2 Book Lovers Reviews

Comfort Food
​By Kitty Thomas

This book is certainly not for the faint of heart.  I was gripping my Kindle in a death grip for the duration of this twisted, disturbing read.  I read this book in a very short amount of time. I was completely consumed with the story, and I was shocked by the events that took place.  It is definitely a psychological roller coaster ride that will be difficult to shake.

Emily Vargas could be any woman.  She’s an intelligent, educated, professional woman.  She writes books and gives speeches on female empowerment, the last thing she ever thought was that she would be drugged and wake up in confinement.  How did this happen?  Could she have prevented it?  Why her?  These were all of the thoughts swirling around in her mind when she woke up in an unfamiliar room.  I could feel her fear, her desperation, and her survival instincts kick in.

When she sees her captor for the first time, she is frightened, and is trying to gauge his behavior.  What does he want with her?  Will he hurt her?  Will he rape her?  Or worse yet, will he kill her?  She is confused by his behavior.  From his appearance, he looks like a normal, attractive man, definitely not the description of the monster who would commit such an act, but he refuses to speak to her.  The only thing that he tries to do at first is feed her chicken noodle soup.  He is using a normal, comforting food that is used to make people feel better as a way to condition her.

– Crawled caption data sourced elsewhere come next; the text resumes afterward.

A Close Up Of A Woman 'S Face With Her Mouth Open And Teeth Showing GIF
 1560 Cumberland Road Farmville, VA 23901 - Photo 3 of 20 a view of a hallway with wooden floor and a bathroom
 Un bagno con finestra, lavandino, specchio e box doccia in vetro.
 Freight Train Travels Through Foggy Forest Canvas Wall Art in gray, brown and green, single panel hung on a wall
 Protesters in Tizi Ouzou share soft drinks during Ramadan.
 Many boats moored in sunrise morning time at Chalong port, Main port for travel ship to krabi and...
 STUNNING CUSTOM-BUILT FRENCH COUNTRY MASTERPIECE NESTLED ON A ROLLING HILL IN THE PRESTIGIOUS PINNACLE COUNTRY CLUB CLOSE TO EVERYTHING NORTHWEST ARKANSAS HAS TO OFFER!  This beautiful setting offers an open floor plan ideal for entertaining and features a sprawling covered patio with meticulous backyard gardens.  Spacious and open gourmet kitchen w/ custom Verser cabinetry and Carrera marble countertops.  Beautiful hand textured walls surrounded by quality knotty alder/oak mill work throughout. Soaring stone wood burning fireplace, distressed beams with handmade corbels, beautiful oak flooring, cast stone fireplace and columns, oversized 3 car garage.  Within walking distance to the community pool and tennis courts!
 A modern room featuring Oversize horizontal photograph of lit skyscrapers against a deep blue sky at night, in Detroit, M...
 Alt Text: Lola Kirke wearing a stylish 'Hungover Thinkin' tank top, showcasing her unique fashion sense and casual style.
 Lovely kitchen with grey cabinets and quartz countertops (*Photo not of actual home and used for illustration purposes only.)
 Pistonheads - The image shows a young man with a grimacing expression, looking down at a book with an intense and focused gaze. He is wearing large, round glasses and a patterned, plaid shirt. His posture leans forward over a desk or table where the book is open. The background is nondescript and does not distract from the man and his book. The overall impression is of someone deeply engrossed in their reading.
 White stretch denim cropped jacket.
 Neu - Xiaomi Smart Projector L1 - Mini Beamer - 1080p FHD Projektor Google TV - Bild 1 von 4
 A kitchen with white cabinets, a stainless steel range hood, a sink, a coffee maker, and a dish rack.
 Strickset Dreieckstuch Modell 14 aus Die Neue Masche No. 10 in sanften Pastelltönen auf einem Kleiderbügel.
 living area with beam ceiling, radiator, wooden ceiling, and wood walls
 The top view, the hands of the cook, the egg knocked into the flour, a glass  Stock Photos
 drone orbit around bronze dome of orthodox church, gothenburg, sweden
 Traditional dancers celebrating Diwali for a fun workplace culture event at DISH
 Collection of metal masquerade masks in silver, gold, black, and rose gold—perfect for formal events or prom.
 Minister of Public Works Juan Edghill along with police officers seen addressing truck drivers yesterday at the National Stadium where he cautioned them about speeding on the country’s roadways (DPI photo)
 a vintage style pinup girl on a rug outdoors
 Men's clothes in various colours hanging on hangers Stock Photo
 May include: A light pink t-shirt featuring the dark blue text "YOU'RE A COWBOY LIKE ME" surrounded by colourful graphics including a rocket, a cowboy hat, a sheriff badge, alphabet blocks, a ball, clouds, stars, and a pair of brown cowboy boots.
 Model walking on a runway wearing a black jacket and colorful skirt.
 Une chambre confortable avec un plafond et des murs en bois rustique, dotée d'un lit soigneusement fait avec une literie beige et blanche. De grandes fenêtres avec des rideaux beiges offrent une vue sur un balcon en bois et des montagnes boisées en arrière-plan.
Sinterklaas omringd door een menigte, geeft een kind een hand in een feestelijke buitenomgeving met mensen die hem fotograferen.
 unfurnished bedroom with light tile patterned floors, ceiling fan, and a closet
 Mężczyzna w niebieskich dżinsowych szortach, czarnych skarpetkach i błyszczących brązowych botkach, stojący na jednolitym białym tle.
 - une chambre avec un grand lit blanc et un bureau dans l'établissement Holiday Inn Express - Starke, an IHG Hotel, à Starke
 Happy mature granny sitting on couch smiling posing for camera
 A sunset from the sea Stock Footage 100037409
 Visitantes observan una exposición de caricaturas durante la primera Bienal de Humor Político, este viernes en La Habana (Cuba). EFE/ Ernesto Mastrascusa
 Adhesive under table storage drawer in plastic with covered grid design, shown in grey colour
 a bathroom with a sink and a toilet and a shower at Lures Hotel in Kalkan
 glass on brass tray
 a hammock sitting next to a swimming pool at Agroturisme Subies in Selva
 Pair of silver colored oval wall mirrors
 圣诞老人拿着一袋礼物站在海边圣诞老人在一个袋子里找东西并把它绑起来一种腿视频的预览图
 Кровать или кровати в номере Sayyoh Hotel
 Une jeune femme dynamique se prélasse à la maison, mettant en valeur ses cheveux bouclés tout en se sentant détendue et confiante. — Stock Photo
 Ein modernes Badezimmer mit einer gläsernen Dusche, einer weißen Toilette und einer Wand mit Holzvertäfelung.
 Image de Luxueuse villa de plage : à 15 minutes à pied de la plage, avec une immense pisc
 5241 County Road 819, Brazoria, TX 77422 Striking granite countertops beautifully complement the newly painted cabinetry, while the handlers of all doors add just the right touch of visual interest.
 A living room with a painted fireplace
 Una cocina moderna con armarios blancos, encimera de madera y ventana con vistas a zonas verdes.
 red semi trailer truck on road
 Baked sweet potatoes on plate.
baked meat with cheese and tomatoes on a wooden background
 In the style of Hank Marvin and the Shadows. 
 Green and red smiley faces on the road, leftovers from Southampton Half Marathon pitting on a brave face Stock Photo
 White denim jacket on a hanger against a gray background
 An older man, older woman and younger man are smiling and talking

Being a social person who craves stimulation and interaction, Emily is finding the lack of communication extremely difficult.  She is trying to keep herself from slowly slipping away.  When her captor attempts to touch her, she finds herself leaning in towards it, needing it, craving any human interaction that he is willing to spare.  Their physical interactions become extremely sexual in nature, but he refrains from physically harming her in any non-consensual way. 

As the days turn into weeks and months, Emily finds herself needing her captor much more than she needs her freedom.  She is not naïve to the notion of Stockholm syndrome, in fact, she realizes that she is succumbing to his methods of controlling her, but the longer she is with him the more she realizes that she wants to relinquish her control.

There is no denying that Comfort Food is a twisted, mind-bending book.  While it pushes the boundaries of what a reader feels may feel comfortable with, it is extremely well written, fast paced and will make you give that normal, unassuming, handsome stranger a second look.